I am self-studying the theory of minimal surfaces from Colding-Minicozzi's "A Course in Minimal Surfaces". In section $8$ of the first Chapter (to be more precise page 40) they derive the second variation formula for the volume functional. I have a question regarding that. The situation is as follows :
$\Sigma^k\subset M^n$ is a minimal submanifold and $F$ is a variation of $\Sigma$ with compact support. $F$ is assumed to be a normal variation, i.e., $F_{t}^T=0$. Now they derive the second variation and they get the formula
$$\frac{d^2}{dt^2}\bigg|_{t=0}(\text{Vol}(F(\Sigma,t)))=-\int_{\Sigma}\langle F_t, LF_t\rangle$$
where $L$ is the $stability \ operator$ defined as follows
$$LX=\Delta^{N}_\Sigma X+\tilde{A}(X)+\text{Tr}[Rm_M(\cdot,X)\cdot].$$
where $X$ is normal vector field to $\Sigma$, Rm$_M$ is the Riemann Curvature tensor of $M$ and $\tilde{A}$ is the Simons' operator.

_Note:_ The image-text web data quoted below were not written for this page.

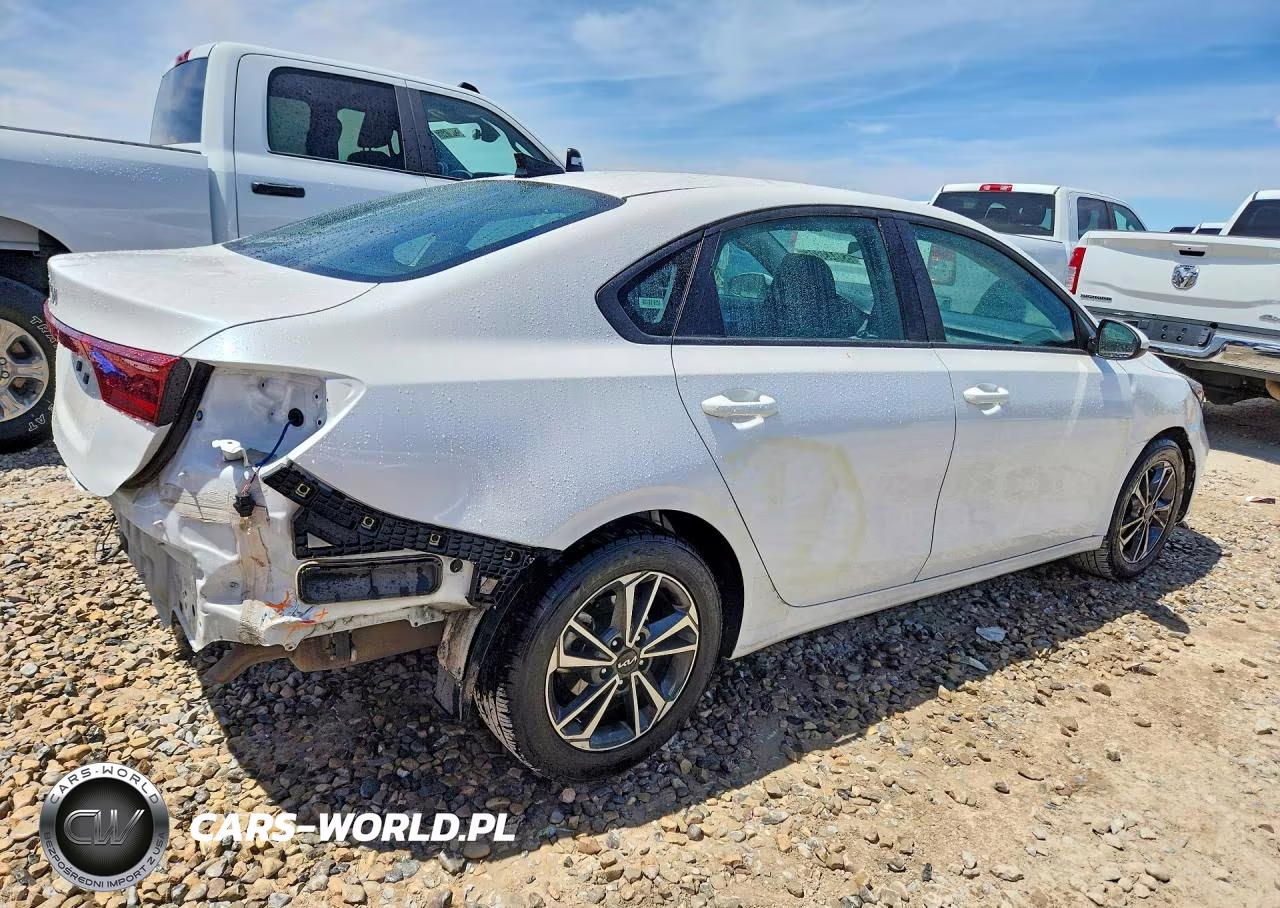 2024 Kia Forte Lxs VIN:3KPF24AD9RE798791 - 3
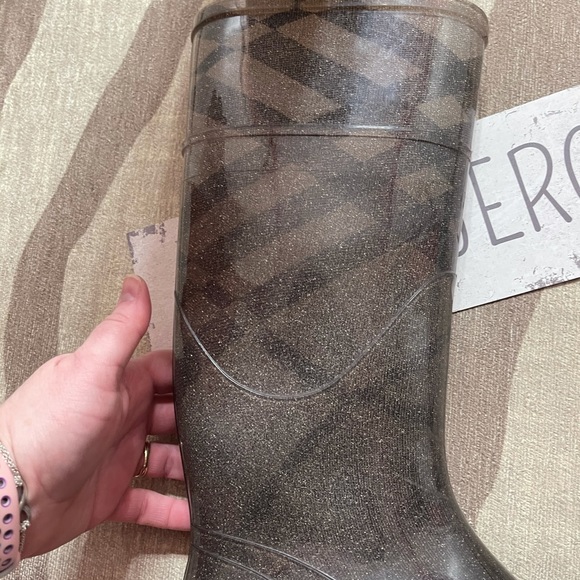 Burberry size 38 boots 👑* - Picture 3 of 7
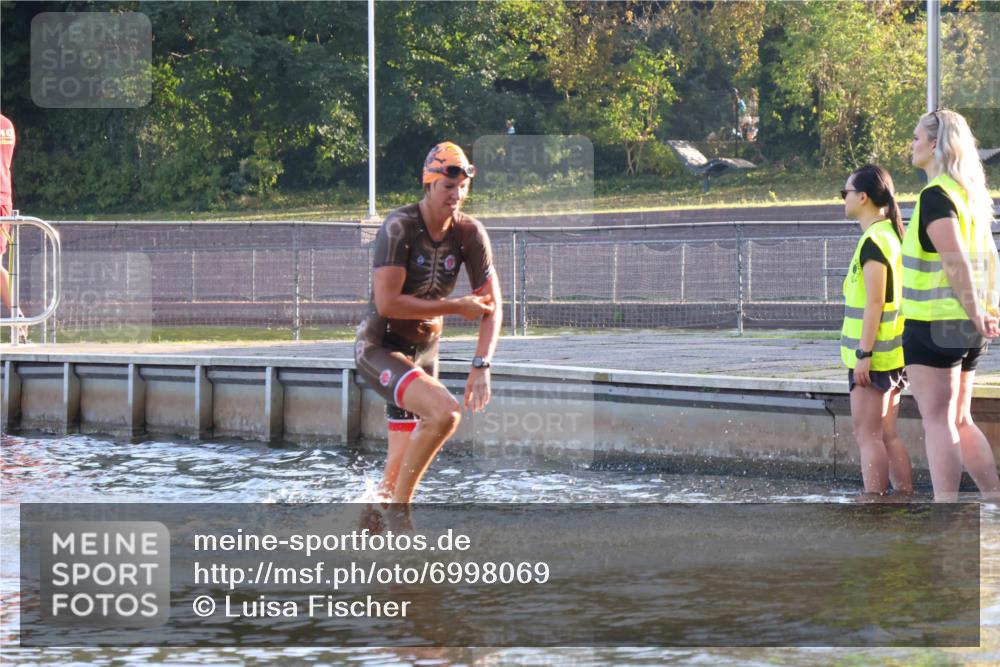 08.09.2024 - Stadtparktriathlon Luisa Fischer http://msf.ph/oto/6998069 08.09.2024 09:06:44 Schwimmen 138, 150 meine-sportfotos.de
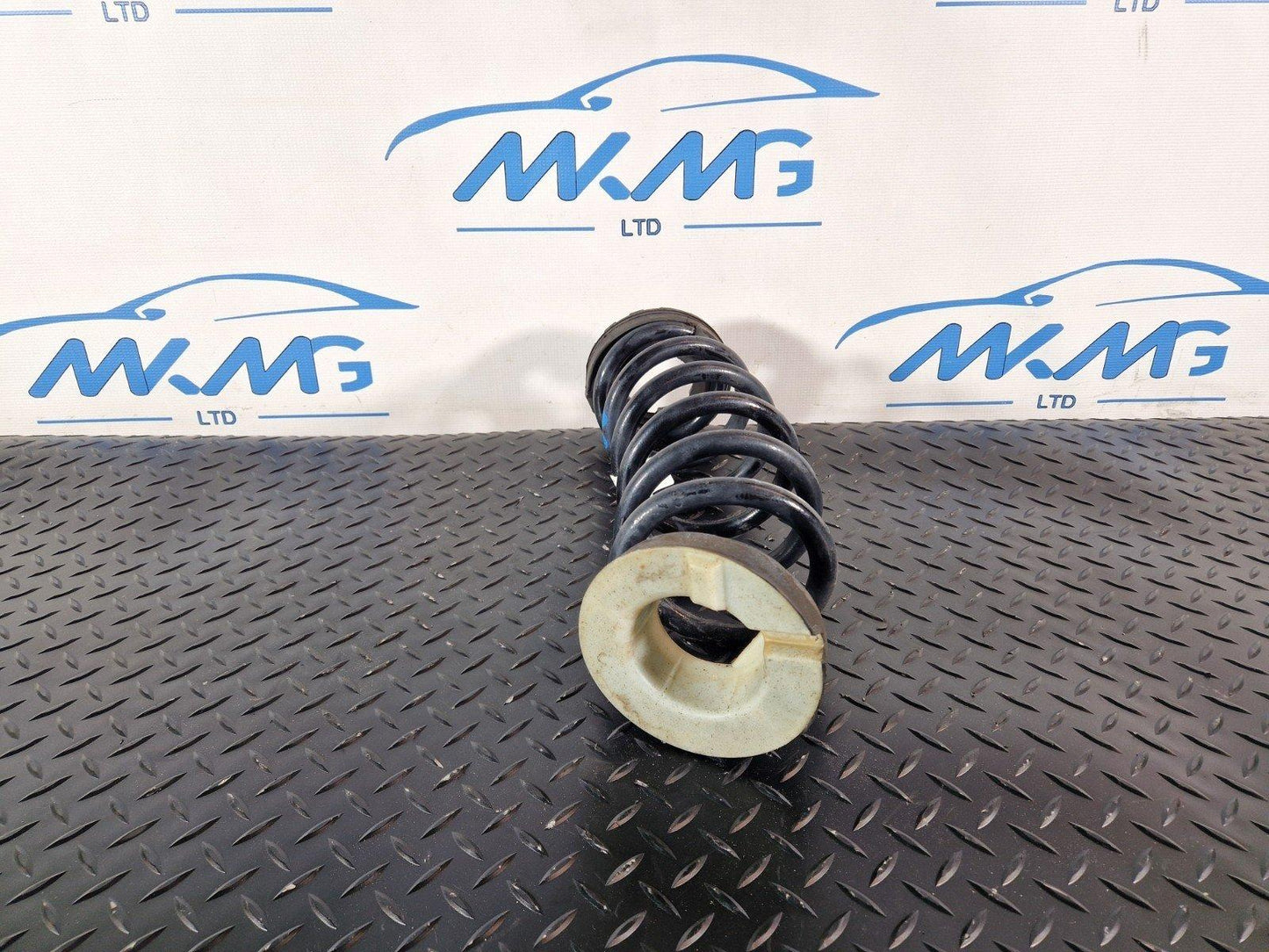19-ON RANGE ROVER EVOQUE L551 OEM LEFT OR RIGHT REAR COIL SPRING K8D2-5B749-DB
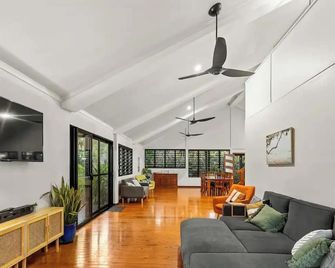 Spacious family friendly oasis-walk to Cable Beach - Cable Beach - Living room
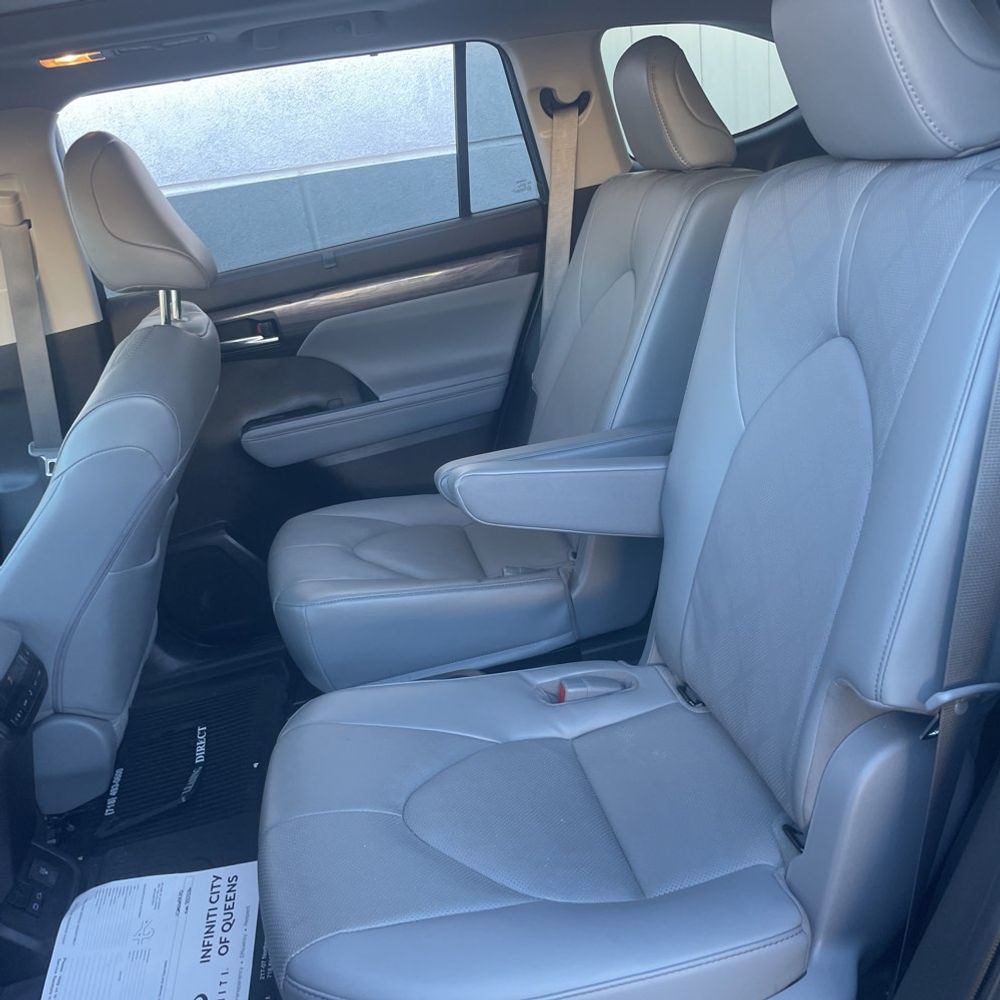 2022 Toyota Highlander Platinum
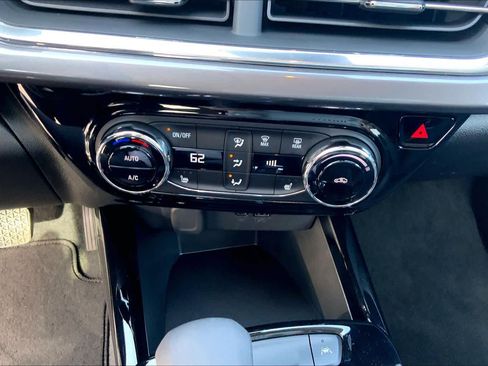 Used 2025 Chevrolet Trax ACTIV w/ Driver Confidence Package image 31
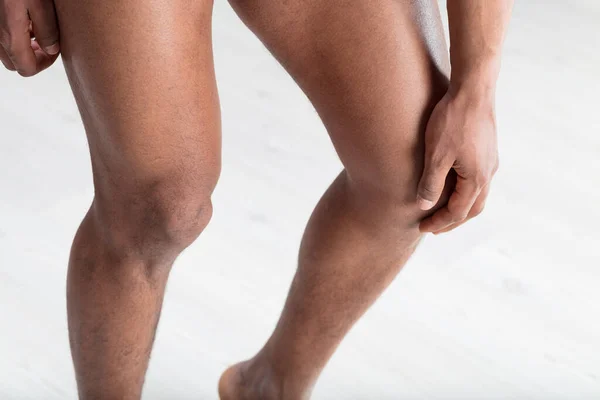 Man Hand Rust Zijn Knie Het Controleren Van Gezamenlijke Gezondheid — Stockfoto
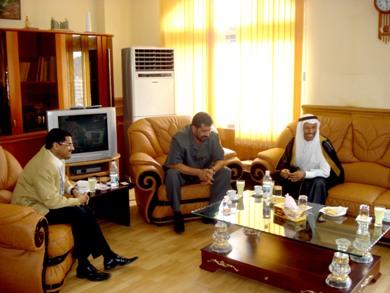 محافظ عدن وأمين عام المجلس المحلي أثناء استقبالهما قنصل المملكة العربية السعودية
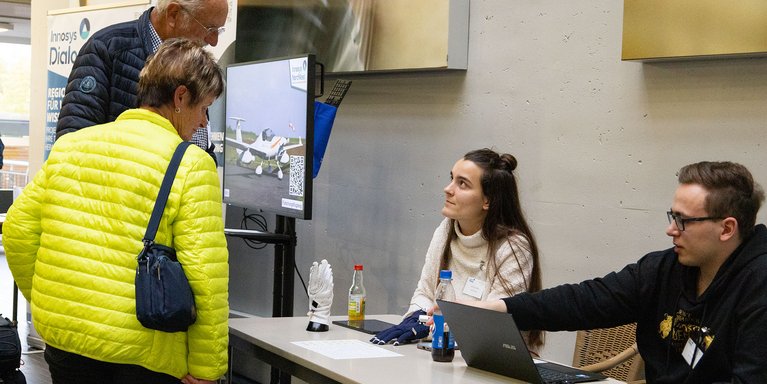 Das Wings-Projekt präsentiert Handschuhe für sehbehinderte Menschen im Rahmen des Dialogs (Foto: Malte Schmidt, Jade HS)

Now they say that $L$ is a self-adjoint and hence $LX$ should be a normal vector field to $\Sigma$. Clearly the first term in the definition of $L$ is normal to $\Sigma$, $\tilde{A}$ by definition is normal to $\Sigma$ as well.
My question is that why is the term $\text{Tr}[Rm_M(\cdot,X)\cdot]$ normal to $\Sigma$ ?